• **Activity**: Each word in the data below should be copied exactly; the images should not.

• **Information provided**:
§ §

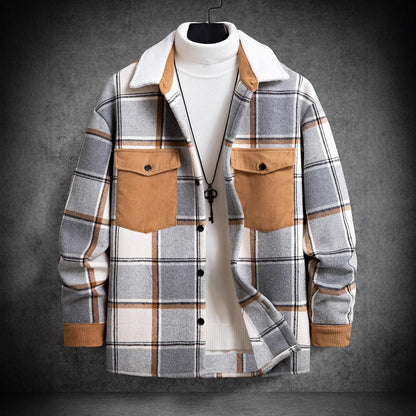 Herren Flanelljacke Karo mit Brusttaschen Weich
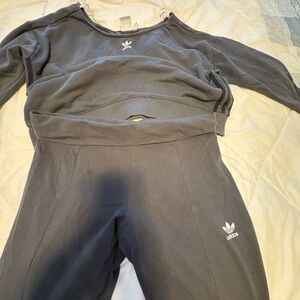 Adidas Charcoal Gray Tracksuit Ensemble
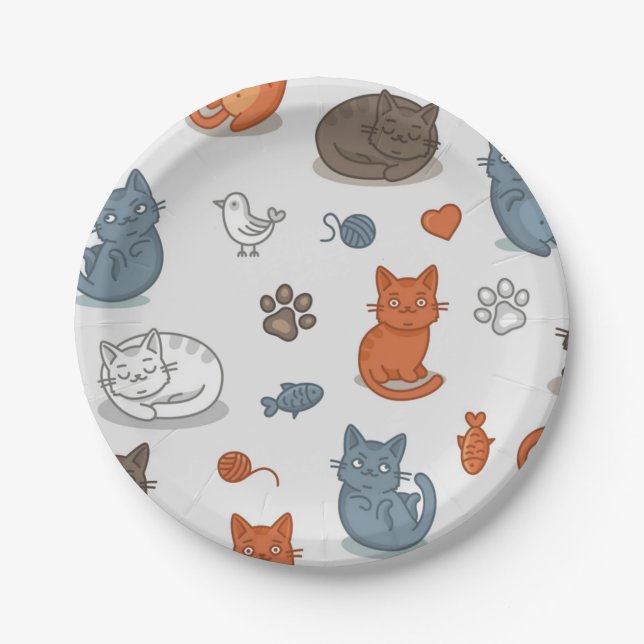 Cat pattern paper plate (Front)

§ §

• **Finished task**:
 Herren Flanelljacke Karo mit Brusttaschen Weich
 Adidas Charcoal Gray Tracksuit Ensemble
 Cat pattern paper plate (Front)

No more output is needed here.